Evening on the Belvédère, Auray.

The crowd that has assembled in the open square near the church of Ste. Anne at six in the morning numbers several thousands, and increases every hour. They are pilgrims of every grade, from the marquis and his family, who have driven from Vannes the evening before, and stay comfortably at the large hotel, to the solitary herdsman in goatskin coat and wooden shoes stuffed with straw, who has walked for two days and nights from his home in the Montagnes Noires. But they have come on the same errand, and will stand side by side before an altar in one of the side chapels, and burn their candles together. They both believe, or are taught to believe, in a legend that some time in the seventeenth century a saint appeared to one Nicolazic, who rented a farm near this spot, and commanded him to dig in a field for her image, and to erect a chapel to her memory. They both have heard of the miraculous cures at the well of Ste. Anne, and believe that no household can prosper, no ships are safe at sea, no cattle or crops can thrive, unless once a year, at least, they come to burn candles to Ste. Anne; and they both have wife, mother, or sister christened Anne, the name in fact of nearly every child we see to-day.

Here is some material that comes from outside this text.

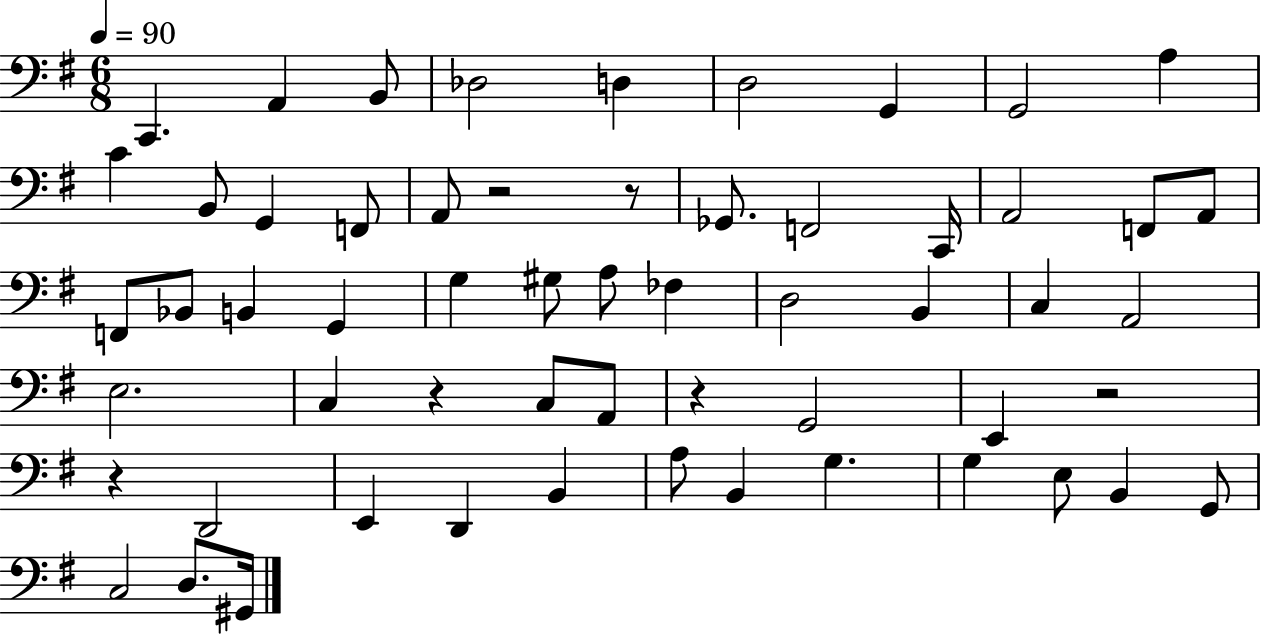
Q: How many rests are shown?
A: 6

The miraculous well of Ste. Anne is in a large inclosure at the western end of which is the Scala Santa, a small, raised chapel, open to the air and covered by a cupola; a modern wooden erection about twenty feet from the ground, approached on either side by a covered flight of steps. It is from this platform that the opening ceremony of the Pardon takes place in the afternoon of the 25th of July, when after a procession round the town with a brass band and banners, the bishop of Vannes, or other dignitary, addresses the people in the open square. The procession is a long one, gay with the green-and-gold-embroidered vestments of the priests, and bright with the white robes of the acolytes with their crimson sashes; a quickly moving procession of bareheaded men singing the litany of Ste. Anne, with banners (representing different departments and communes) waving above them, and silver crosses and relics carried high in the air. The crowd presses forward to see, and forms a narrow lane to let them pass to the Scala Santa, where the head of the procession comes to a standstill, and as many of the priests and attendants as can crowd on to the steps stand as a sort of bodyguard, whilst the bishop addresses the multitude assembled in the square beneath.

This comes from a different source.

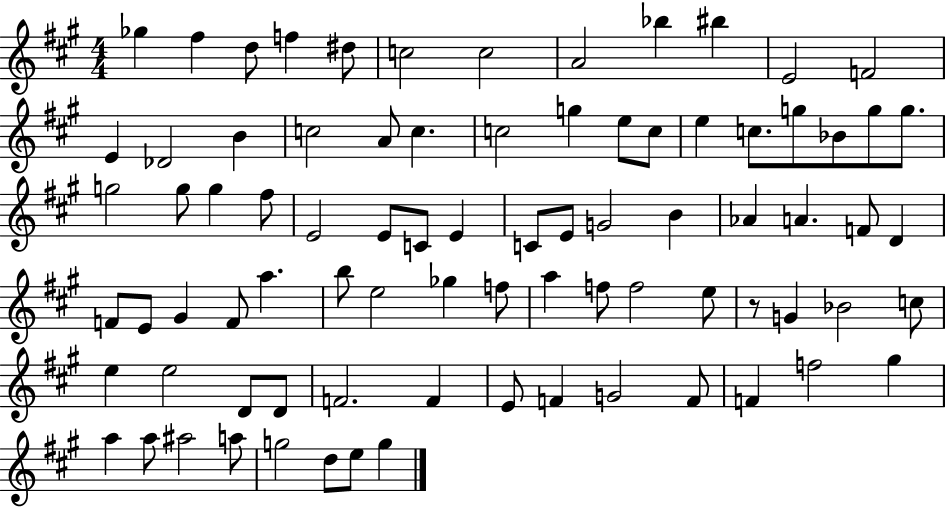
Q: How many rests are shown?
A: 1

Then the outsiders of the crowd get up and watch the proceedings (including a cook in white cap and apron, who sits upon the hotel wall), some eagerly from curiosity apparently, some with devotion, and some, it must be confessed, with an easy, jaunty air more appropriate to a show in a country fair. There are several hundreds on the grass before us in the bright sun, in the glare of which the sketch was taken, sitting together in parties, kneeling in prayer, or standing close together intent upon the scene.

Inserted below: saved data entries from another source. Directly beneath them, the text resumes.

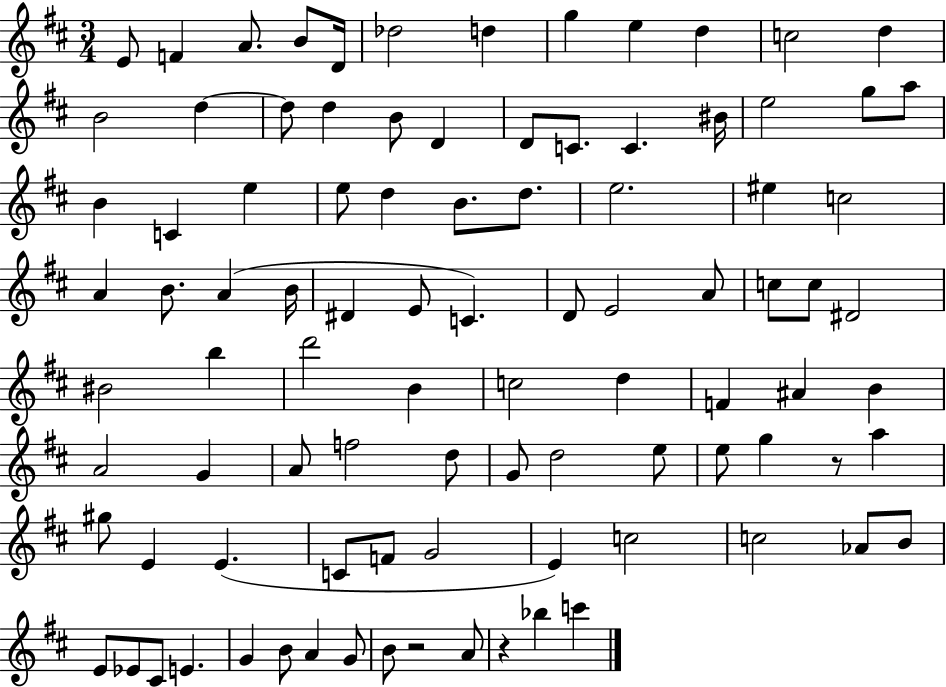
{
  \clef treble
  \numericTimeSignature
  \time 3/4
  \key d \major
  \repeat volta 2 { e'8 f'4 a'8. b'8 d'16 | des''2 d''4 | g''4 e''4 d''4 | c''2 d''4 | \break b'2 d''4~~ | d''8 d''4 b'8 d'4 | d'8 c'8. c'4. bis'16 | e''2 g''8 a''8 | \break b'4 c'4 e''4 | e''8 d''4 b'8. d''8. | e''2. | eis''4 c''2 | \break a'4 b'8. a'4( b'16 | dis'4 e'8 c'4.) | d'8 e'2 a'8 | c''8 c''8 dis'2 | \break bis'2 b''4 | d'''2 b'4 | c''2 d''4 | f'4 ais'4 b'4 | \break a'2 g'4 | a'8 f''2 d''8 | g'8 d''2 e''8 | e''8 g''4 r8 a''4 | \break gis''8 e'4 e'4.( | c'8 f'8 g'2 | e'4) c''2 | c''2 aes'8 b'8 | \break e'8 ees'8 cis'8 e'4. | g'4 b'8 a'4 g'8 | b'8 r2 a'8 | r4 bes''4 c'''4 | \break } \bar "|."
}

What those upturned faces were, and what the good bishop saw beneath him in the crowd, as he rolled forth a discourse full of earnestness and eloquence, the pencil has recorded in the sketch. It gives, as no words could describe, the mingled expression of feeling on the faces of the pilgrims, and tells more eloquently than any argument that the influence of the Church is on the wane in Brittany. The words spoken are the old story: first the history of “the miracle of Ste. Anne,” then an exhortation as to the importance of confession and of works of charity and masses for the dead. The costume of the people that listen is nearly the same as in 1623, when Ste. Anne appeared in a wheat-field to a peasant; and yet—and in spite of all accounts of the earnest devotion of the people—if we look at the aspect of the crowd, we seem to understand the matter better than we ever did before.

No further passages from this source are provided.